Saturday morning I woke up early & Sean (my cousin) decided it would be a good idea to go up to Mount Wellington as soon as possible as the weather was clear & very few clouds in the sky. He said the views up there would be beyond amazing & would also give me perspective on the area & where everything is in relation to the mountain. He was spot on with everything, 1250m above sea level & 6 degrees we were up on Mount Wellington taking in the sights, smells and vast space. After spending some time there we left to go visit the well known Salamanca Market, after spending 3 hours browsing around & shopping till I dropped, it was off to lunch in Peppermint Bay. A fabulous restaurant overlooking the water, with rolling green lawns.
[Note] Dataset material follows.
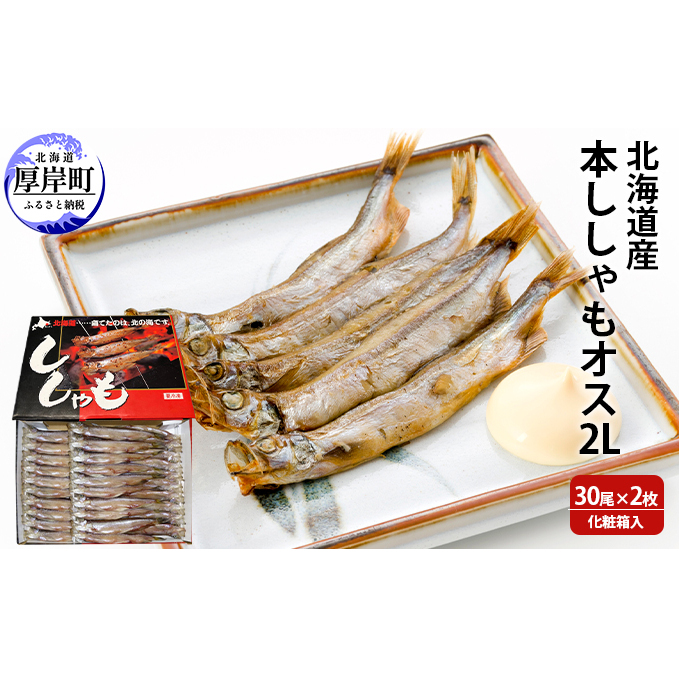 北海道産 本ししゃも オス2Lサイズ 30尾×2枚 化粧箱入 (合計60尾入り) 魚貝類 海鮮 海の幸 魚 魚料理 夕飯 夜ごはん おかず 食材 つまみ お酒のあて 肴 国産 国産シシャモ 北海道厚岸町34000魚介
Sunday brought around some winter weather, so I was pleased that I managed to tick Mount Wellington off our list in the short amount of time we were there. I visited MONA (Museum of New & Old Modern Art) what a powerful, insightful place. Thoroughly enjoyed it & it spoke 1000 words for me. Interesting and certainly very unique pieces of art. Not your typical museum that’s for sure!! We then went for lunch at Coal River Farm near Richmond, where I bought a few wooden items. We then spent the afternoon just catching up on family news and memories, which was very special & so needed!
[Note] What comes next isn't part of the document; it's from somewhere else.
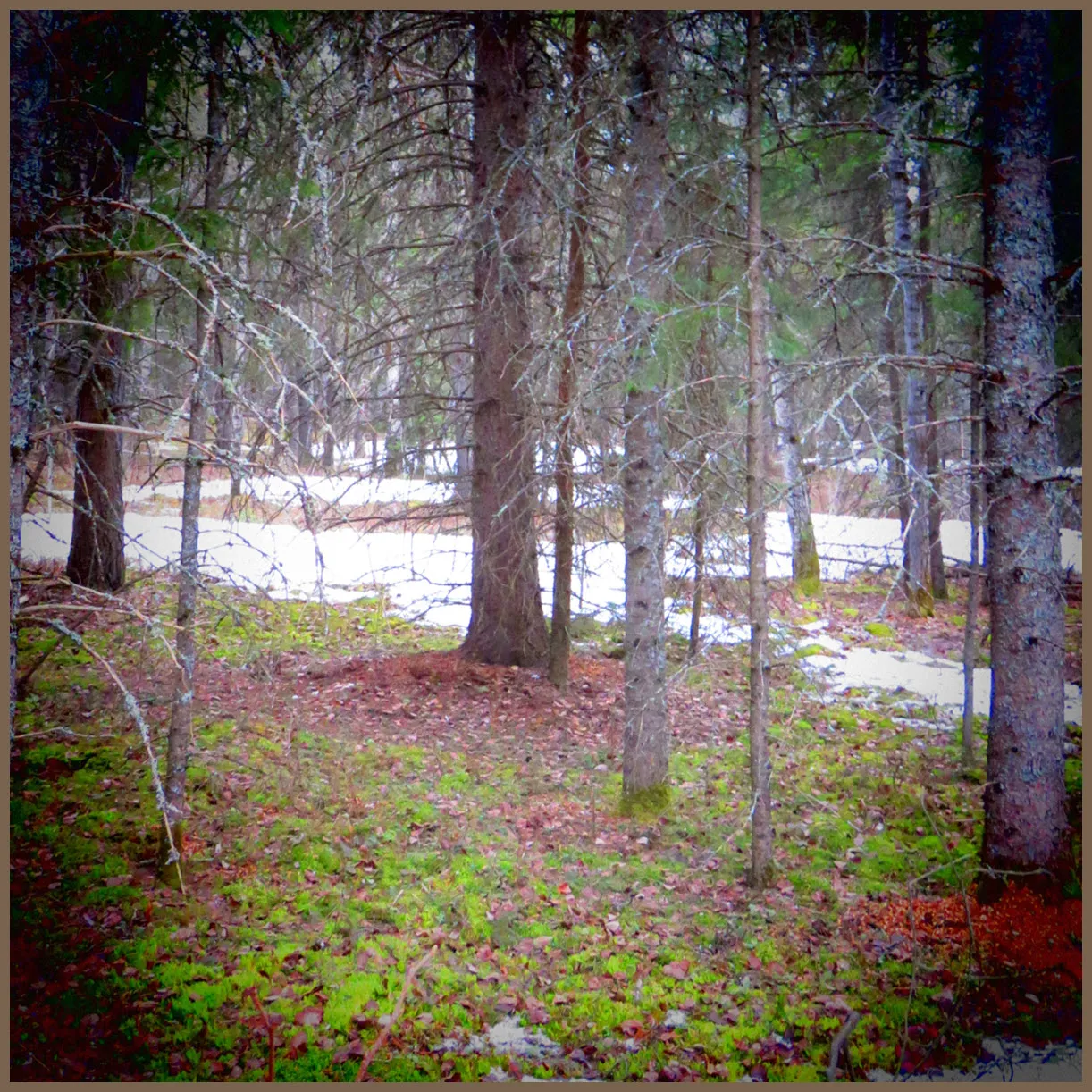 focused view into pine meadow of 1 pine patchs of snow green plants brightened filter.JPG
I immediately fell in love with Hobart & was very sad to leave after just spending two days there, its a place I could happily return to.  I certainly hope to in the future.

Flying back to Sydney I continue the last week of my holiday. Can’t believe 3 weeks are nearly up, but at the same time I am looking forward to arriving back home.

 

 

Day at Tinbinbella

I spent the better part of my day wondering around the beautiful walk ways of Tinbinbella in Canberra, taking in the majestic space that surrounded me the thick bush and immense wildlife. Although I must admit I was not able to see all of the wildlife it has to offer purely because of great camouflage on the animals part, of perhaps maybe my poor animal finding eye sight, I am not sure!

However we were able to see Koalas in the Eucalyptus tree, sleeping whilst another one was quietly eating. After doing a loop walk called the Koala path , I quickly spotted a Wallaby eating food outs the trays provided by the park, who simply stared at me, the food clearly too good to give a miss. The bird life here is truly amazing and to think they are all wild. Cockatoo’s are a plenty breaking off the bark of trees & eating loads of flowers, leaves and pretty much anything else they think they can eat they will!

 

The Gippsland Water Dragon is a beautiful lizzard which we spotted sun baking on the banks of a little pond. Such a beautiful lizzard, gives our one’s back home some competition both in colour and size.

Taking a walk around various ponds not only did we hear the calls of Kookaburras along with various other bird species, we were lucky enough to keep our eyes focused on what was a stream of bubbles going around one of the ponds. Up popped a Platypus! I was delighted, despite not knowing much about these prehistoric looking creatures my instant reaction was not only to take a glimpse of this animal as he/she surfaced but to snap an image off on my camera at the same time. A success it was! To add to our growing list of spotted animals we saw two Pelicans, once again I was in absolute awe and amazement of how beautiful these birds truly are.

Lunch was calling and we stopped by a shady bench which was in the echo of a valley and had our picnic which we had assembled before departing this morning. Filling our tummy’s with great food and our souls with the silence yet fullness of the nature that surrounded us I was now in heaven! Being surrounded by nature is absolute bliss for me.

Lastly while heading home we came across a Red Belly Black Snake carefully maneuvering across the busy road, trying to avoid contact with a car’s tyre, it successfully crossed the road where it disappeared into the grasses. Magnificent sight and great way to end the trip home.

I truly enjoyed wondering around, spotting and keeping an eye open for the unexpected to pop up. A day spent with nature is a day not forgotten.